### Aim of the exercise
In the material below, find the line with "Frantoio Valiani Farm stay" and the line with "New 2026 Honda Odyssey Sport-L image 11", then output both and every line between them exactly, omitting pictures.

### Supplied material
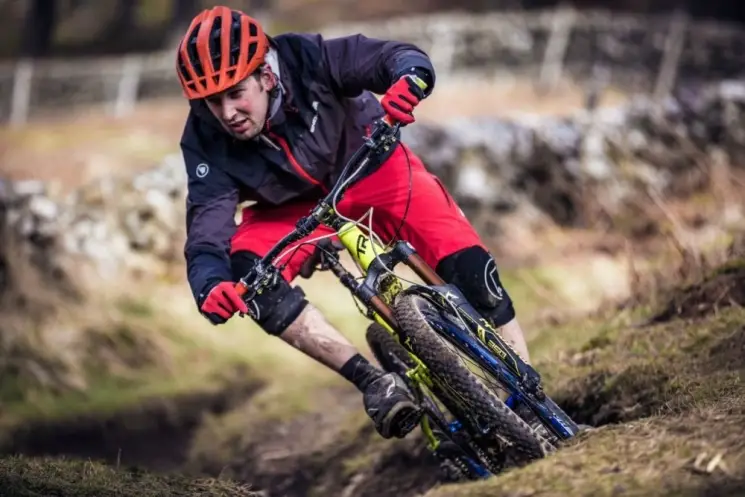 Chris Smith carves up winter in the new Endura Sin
==
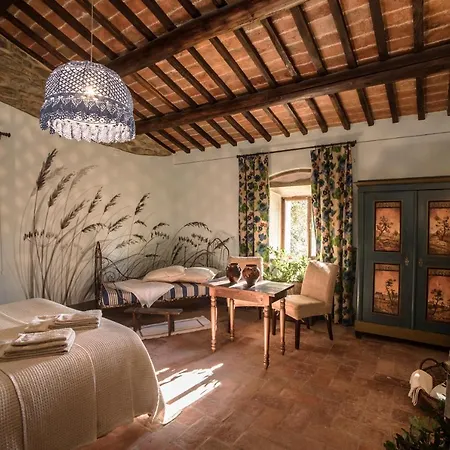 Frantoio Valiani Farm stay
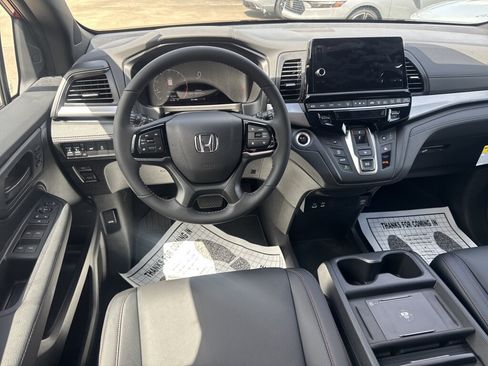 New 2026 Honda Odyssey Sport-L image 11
---
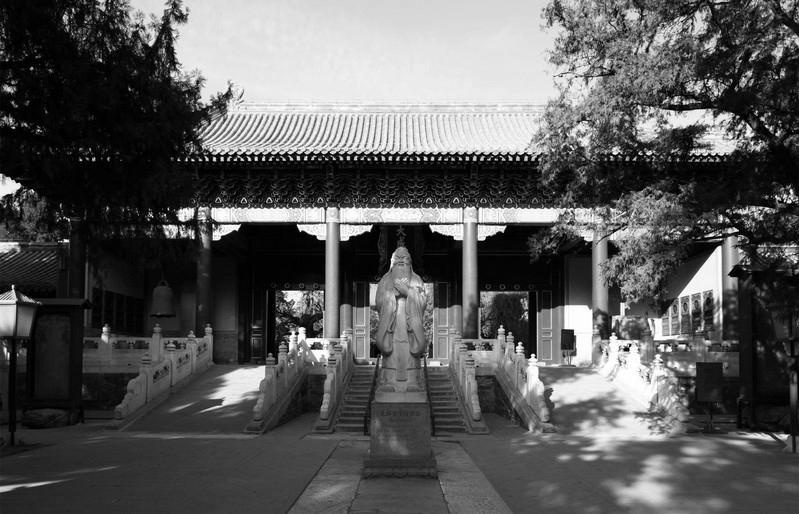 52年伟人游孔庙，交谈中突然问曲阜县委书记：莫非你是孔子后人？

### Result for this exercise
 Frantoio Valiani Farm stay
 New 2026 Honda Odyssey Sport-L image 11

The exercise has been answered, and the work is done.